Teachers Union, District Agree On Contract

Comments

1
This was a horrible decision.

There is no evidence that using student test scores is a relevant or fair way to judge teachers. It sounds good, but it doesn't work. Student's test scores are all over the map, and have little to do with the teacher.

Kids can do poorly on a test for all sorts of reasons:
- They didn't get enough sleep the night before
- They didn't study
- Their parents are going through a divorce.
- Someone sitting next to them is bullying them
- They're doing drugs
- They're having a period
- Their teacher didn't teach the material
- They are dyslexic, ADHD, bipolar, etc
- They have the hots for someone sitting in front of them and can't concentrate
- They'd rather be scateboarding.

Only one of these is even remotely within the control of the teacher. And yet we think it is a good idea to judge teachers by the student's test scores.

I give the school board a failing grade in basic logic.
2
hear that, illiterate, slovenly dumb fuck parents? it can't possibly be your fault anymore. you can up your level of neglect as far as you want.
3
@1...yeah all of those variables are legit, but the simple fact is that a good teacher is going to consistently have better results than a mediocre teacher.

My question is what tests are these evaluations being based on? Teacher created tests? School/district created tests?

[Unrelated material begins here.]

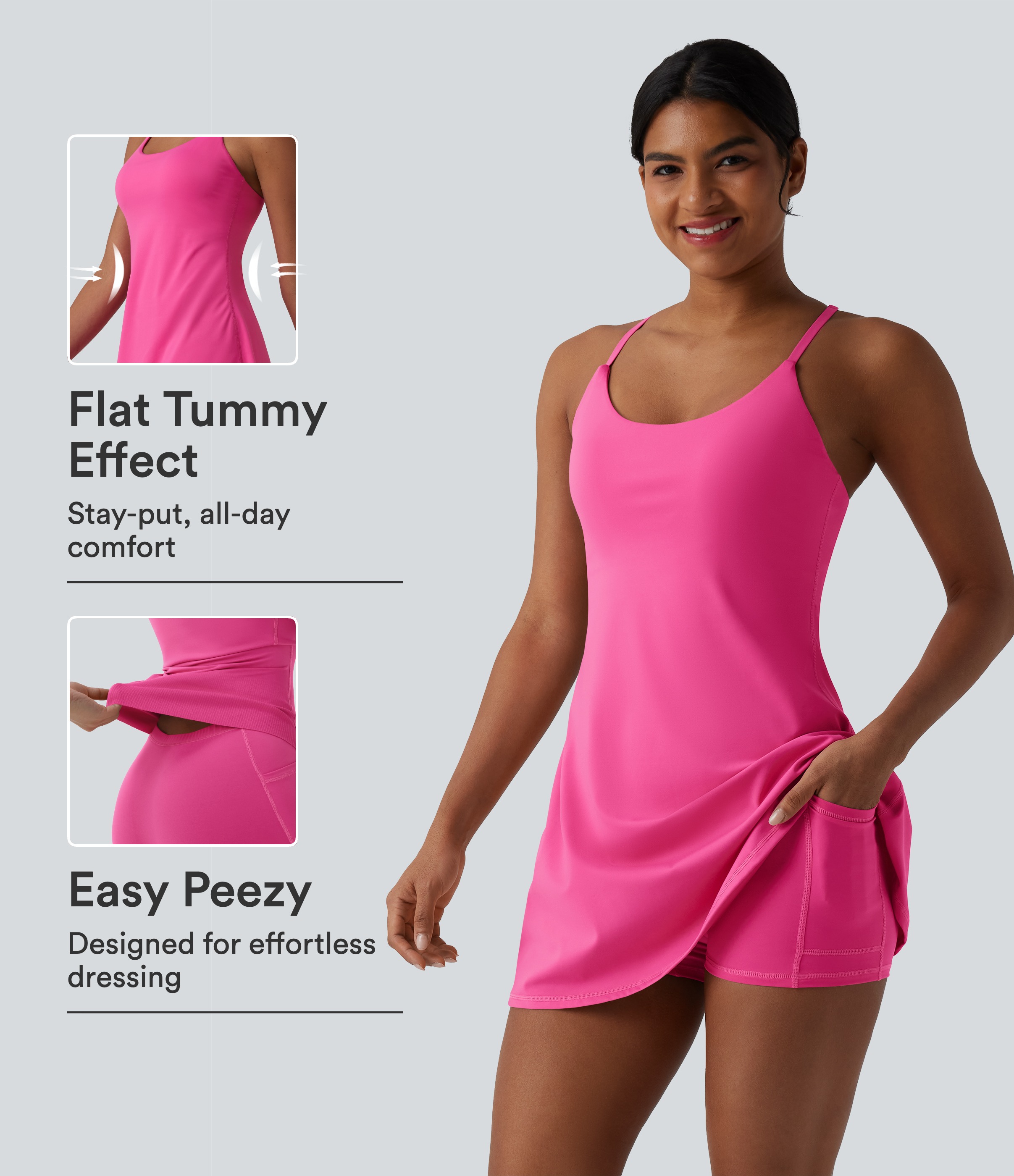 Softlyzero™ Plush Tummy Control Active Dress with Pockets-Easy Peezy Edition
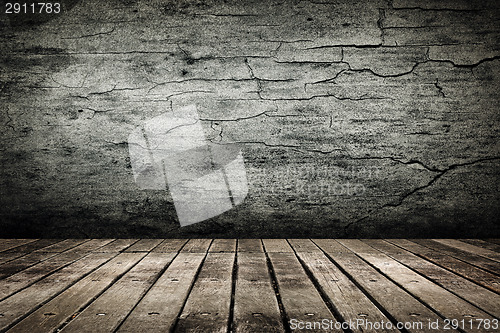 Image of Wooden ground with grunge wall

Can someone clarify this for me?
4
I think its fair to consider test scores as part of the a teacher's evaluation. If in the same school, in the same subject, and with kids of a similar background if Teacher A's students are testing much better than Teacher B, then Teacher A deserves some kudos and Teacher B needs some help.
5
@ 1:

Relax. The contract does no such thing. Bhattacharjee is full of shit. She's just a stupid fucking credulous hack who is repeating word for word the District's pathetic attempts to spin the fact that the teachers pwn3d them, big time, in this contract.

The only way test scores will be used, under this contract, is if a teacher's test scores vary widely from the teacher's past evaluation. Test scores will then be used to trigger a second evaluation. That's all. That's it.

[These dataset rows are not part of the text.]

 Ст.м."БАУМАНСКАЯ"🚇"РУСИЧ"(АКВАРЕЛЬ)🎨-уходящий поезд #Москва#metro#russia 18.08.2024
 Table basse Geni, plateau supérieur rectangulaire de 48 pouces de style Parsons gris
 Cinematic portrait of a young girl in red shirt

Goodloe Johnson didn't get much of anything she wanted in this contract, and hopefully that will hasten her departure.
6
@3 Theses are based on WASL or other standardized test scores. Basing it on teacher created tests wouldn' be very useful and could lead to epic grade inflation.
7
Thank you, Stranger, for increasing your coverage of Seattle Public Schools lately. The Seattle Times does an abysmal job of it, and other than a few terrific blogs (see http://saveseattleschools.blogspot.com/ for the best one IMHO), there's not much out there in the media about what's happening in Seattle.
8
Rotten666: Actually there's no research to back up your contention. Even from year to year a teacher's performance, when based on standardized test scores, can vary wildly, and a teacher who looks fantastic one year looks like the worst teacher on earth the next.

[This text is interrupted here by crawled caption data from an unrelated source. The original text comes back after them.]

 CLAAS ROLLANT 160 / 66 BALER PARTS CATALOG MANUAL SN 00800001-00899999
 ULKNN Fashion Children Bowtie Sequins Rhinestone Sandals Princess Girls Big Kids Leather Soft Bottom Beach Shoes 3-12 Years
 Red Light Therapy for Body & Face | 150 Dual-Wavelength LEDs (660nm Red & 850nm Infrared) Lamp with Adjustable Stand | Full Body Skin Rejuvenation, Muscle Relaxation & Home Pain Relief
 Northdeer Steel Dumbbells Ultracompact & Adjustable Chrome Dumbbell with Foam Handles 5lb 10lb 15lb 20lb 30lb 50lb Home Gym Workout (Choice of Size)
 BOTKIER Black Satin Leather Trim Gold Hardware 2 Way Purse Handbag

Which is not to say there aren't ways to evaluate teachers. But standardized test scores are one of the worst.
9
@6 How is that possible? If I teach social studies, how am I going to be evaluated if that subject is not on the test? Wasl (and its replacement) only tests English, math and science.
10
"yeah all of those variables are legit, but the simple fact is that a good teacher is going to consistently have better results than a mediocre teacher."

Actually, that's not true. Case studies have shown that if you look at any one teacher, their student's scores are all over the place. Same teacher, same subject. But different classes of students will test much differently. There can be as much as a 40% swing in scores from one year to another or one class to another, all under the same teacher.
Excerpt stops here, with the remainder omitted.